I would not say "eliminate PII", since Diem already doesn't allow storing PII on chain. Additionally, RefID already exists in DIP-1. I'd phrase it differently -- DiemID introduces a protocol to initialize an off-chain preflight protocol, enabling an easy discovery, and allowing an originator to connect with an already discovered recipient easily.

• Naming is hard, I don't like "Diem ID", "VAEP" only describes the "Domain" side of it and not the user side, would we call that a UVAEP? That sounds very blah from a product perspective. Do we want to differentiate the tech from the product? Would the product name be something fancy but the DIP name be something more technical?

Yup, names are hard. Let's keep trying. DMID. DID. DUID (for user id). DMUID. DMEID (for endpoint id). DADDR (user address). ...

[davidiw]

I would not say "eliminate PII", since Diem already doesn't allow storing PII on chain. Additionally, RefID already exists in DIP-1. I'd phrase it differently -- DiemID introduces a protocol to initialize an off-chain preflight protocol, enabling an easy discovery, and allowing an originator to connect with an already discovered recipient easily.

Fair enough, we can update the language to say it provides an alternate lightweight means of exchanging PII and other potentially linkable material without requiring full KYC

Yup, names are hard. Let's keep trying. DMID. DID. DUID (for user id). DMUID. DMEID (for endpoint id). DADDR (user address). ...

Gonna punt on this one to @aylinaykol and @sunmilee 🏃‍♂️

[mgorven]

I have concerns about the CSV naming service. We're designing a next generation, highly secure financial infrastructure, but are relying on an unsigned CSV file hosted on some random webserver? There are lots of uncovered issues here.

• Security: How do VASPs verify the integrity of the CSV file? I don't think "TLS" is a good enough answer here, I think the file itself needs a signature. This could be an isolated key, or something linked to the blockchain (e.g. signed with the Treasure Compliance account key).
• Freshness: What are the requirements around caching the file? Do VASPs need to retrieve it every time (which has implications on the hosting service)? Cache up to some maximum TTL? How do VASPs know they're using the latest version?
• Hosting: What are the requirements on the service hosting this file in terms of availability and scale? How is the Association actually going to run this?
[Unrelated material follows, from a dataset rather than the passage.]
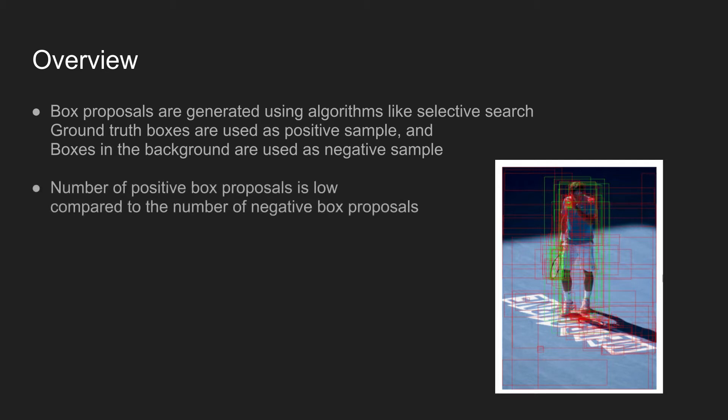The number of positive samples are relatively low compared to the number of negative box samples. This becomes a problem when training the network because not many positive samples are placed within many batches.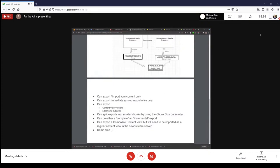A few important notes: this is applicable only for Pulp 3 repositories. So if you have a new installation of Katello using Pulp 3 for YUM, these commands are related to that. You can export or import YUM content only at this point — we haven't worked out other content types yet. Also, you can only export immediately-synced repositories; if you have lazy or on-demand repositories, the export will silently ignore those.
Personally I think this CSV file approach is janky and not worth the effort. Having an on-chain lookup mechanism is the right approach; why can't we do this right the first time?

[sunmilee]

Hi @mgorven you're right and this was meant to be a quick MVP approach before the onchain system is in place. With the current timelines and VASP readiness, I think it makes sense to jump straight to the on-chain lookup mechanism, so I'll probably be deleting that part from dip 10. I'm making a separate PR to address different comments and this will be one of them!